The output should be every line below, retyped exactly, with no images.
+++ Available data +++
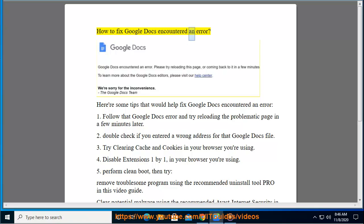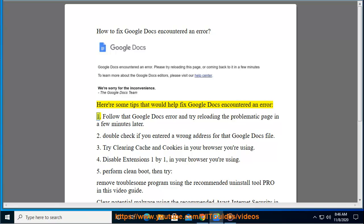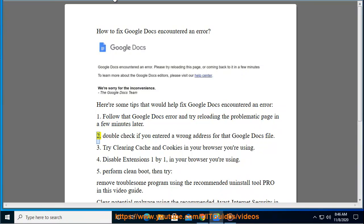How to Fix Google Docs Encountered an Error. Here are some tips that would help fix Google Docs Encountered an Error. Tip 1: Follow that Google Docs error and try reloading the problematic page a few minutes later.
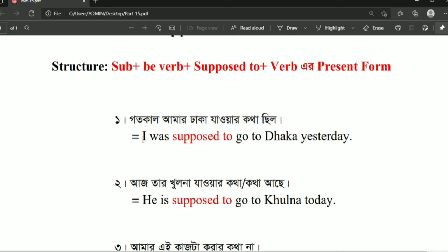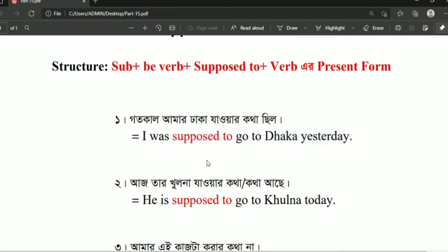Here is our example sentence: 'I was supposed to go to Dhaka yesterday.' Here we will identify the subject, which is 'I was.'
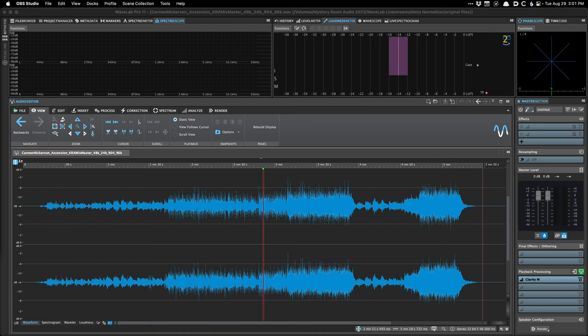Some people don't consider loudness normalization as a starting point. Whether I'm working in the box all digitally or even if I'm using analog gear in my mastering chain, I will use loudness normalization to start my sessions so that the levels are feeding my processing chain — whether it's digital, analog, or a hybrid — an expected amount. I can always fine-tune it from there, but it gives me a very good starting point so I'm not wrestling the loudness of the incoming material.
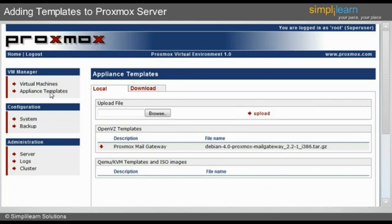Proxmox provides templates free of cost. The user can download the templates from the server directly, considering the fact that the server has access to the Internet.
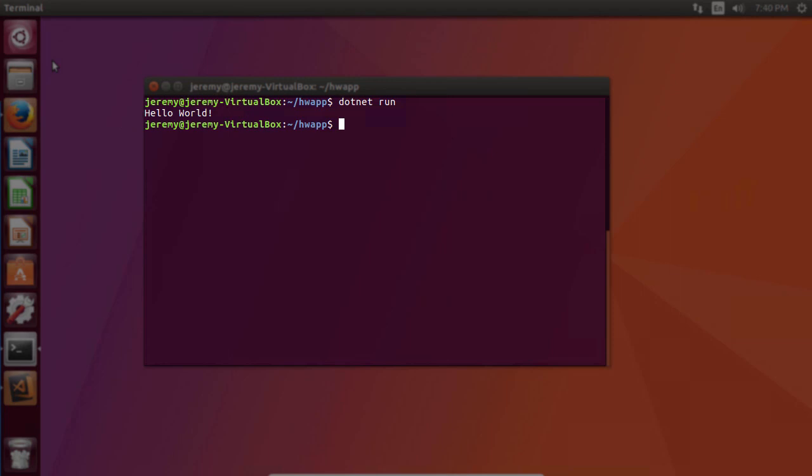Installing .NET Core in Linux is a fairly straightforward process, especially if you've done work in Linux before. Later in the course, we're going to go back into Linux and create some projects. For now, let's continue on and learn some C-sharp.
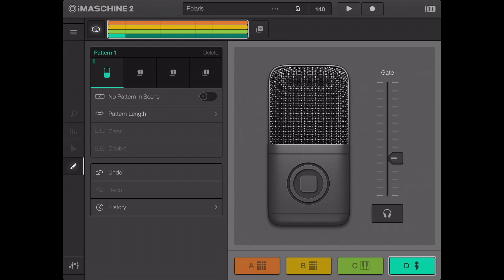To record a loop, begin singing, clapping, or whatever you want to record. When you feel ready, tap the record button in the header. The countdown begins.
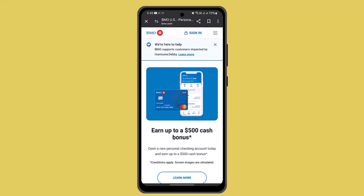In order to increase the credit limit of your BMO US credit card, there are some criteria. First, you have to make sure that you are regularly paying your bill payments. Likewise, you must have cleared all your loans and there should be a clear transaction history. Make sure that you do not have any sort of false transactions or any sort of backlash in your account.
+++
* The completed task:
How to Fix Google Docs Encountered an Error. Here are some tips that would help fix Google Docs Encountered an Error. Tip 1: Follow that Google Docs error and try reloading the problematic page a few minutes later.
Here is our example sentence: 'I was supposed to go to Dhaka yesterday.' Here we will identify the subject, which is 'I was.'
Some people don't consider loudness normalization as a starting point. Whether I'm working in the box all digitally or even if I'm using analog gear in my mastering chain, I will use loudness normalization to start my sessions so that the levels are feeding my processing chain — whether it's digital, analog, or a hybrid — an expected amount. I can always fine-tune it from there, but it gives me a very good starting point so I'm not wrestling the loudness of the incoming material.
Proxmox provides templates free of cost. The user can download the templates from the server directly, considering the fact that the server has access to the Internet.
Installing .NET Core in Linux is a fairly straightforward process, especially if you've done work in Linux before. Later in the course, we're going to go back into Linux and create some projects. For now, let's continue on and learn some C-sharp.
To record a loop, begin singing, clapping, or whatever you want to record. When you feel ready, tap the record button in the header. The countdown begins.
In order to increase the credit limit of your BMO US credit card, there are some criteria. First, you have to make sure that you are regularly paying your bill payments. Likewise, you must have cleared all your loans and there should be a clear transaction history. Make sure that you do not have any sort of false transactions or any sort of backlash in your account.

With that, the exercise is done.